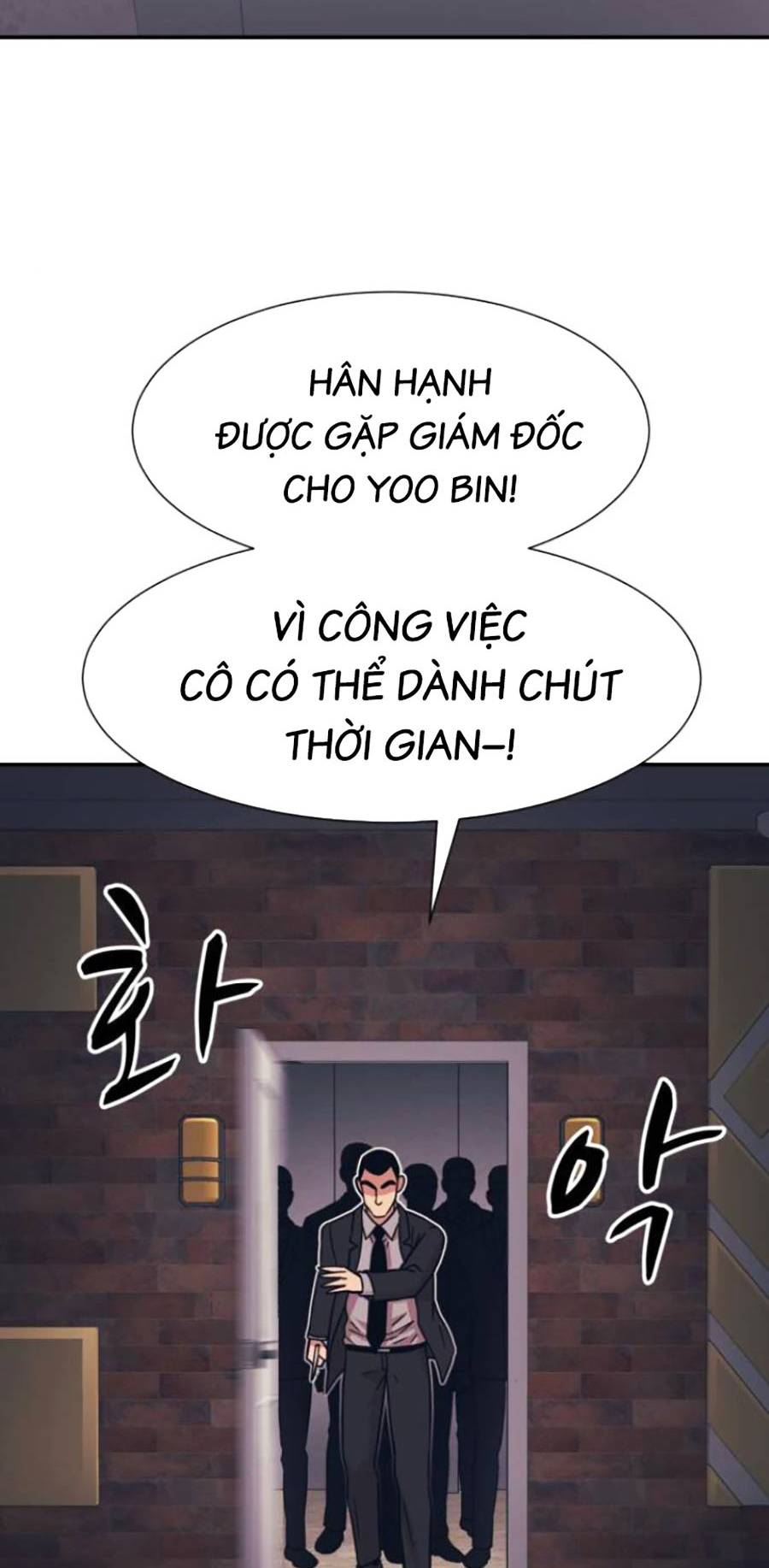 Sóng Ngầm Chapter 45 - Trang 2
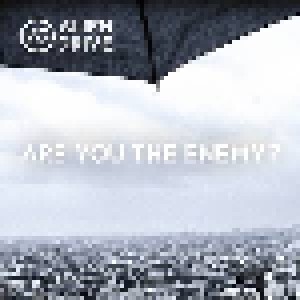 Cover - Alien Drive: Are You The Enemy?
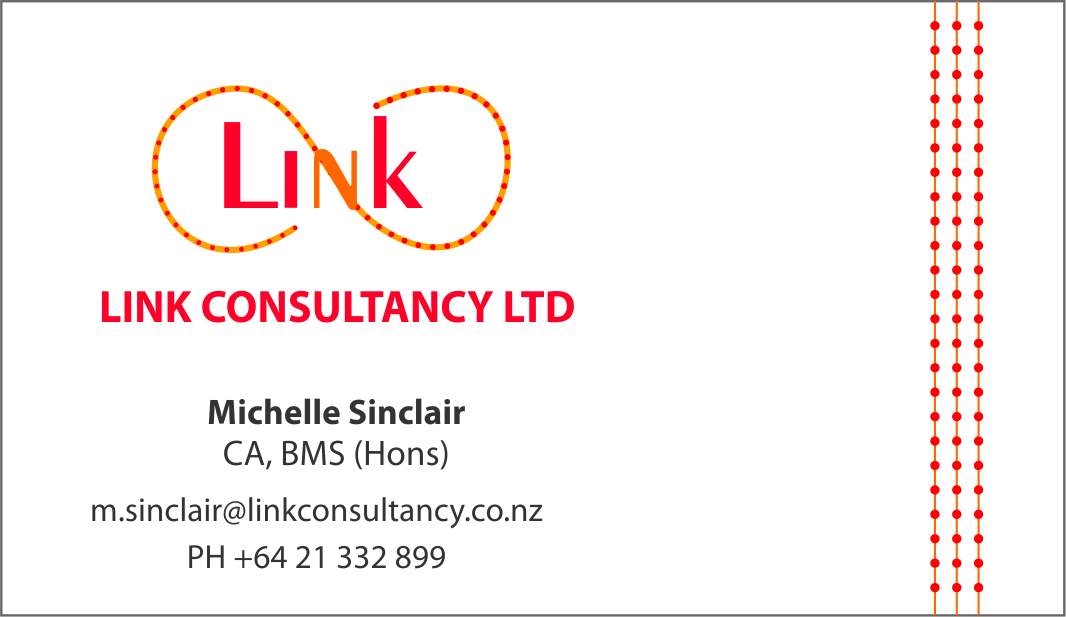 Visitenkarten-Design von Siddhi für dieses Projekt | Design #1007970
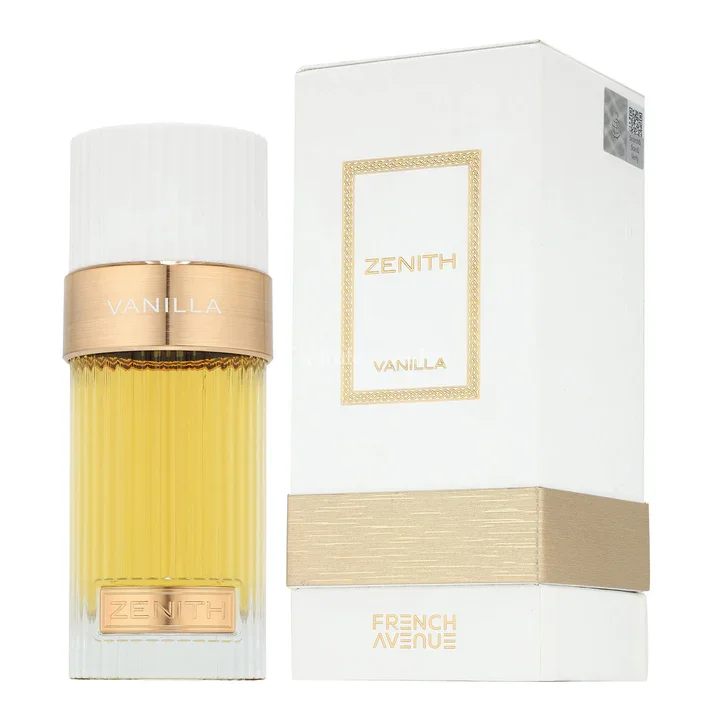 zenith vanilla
===
Exercise: Every line above gets copied exactly; none of the pictures do.

Answer box:
 Sóng Ngầm Chapter 45 - Trang 2
 Cover - Alien Drive: Are You The Enemy?
 Visitenkarten-Design von Siddhi für dieses Projekt | Design #1007970
 zenith vanilla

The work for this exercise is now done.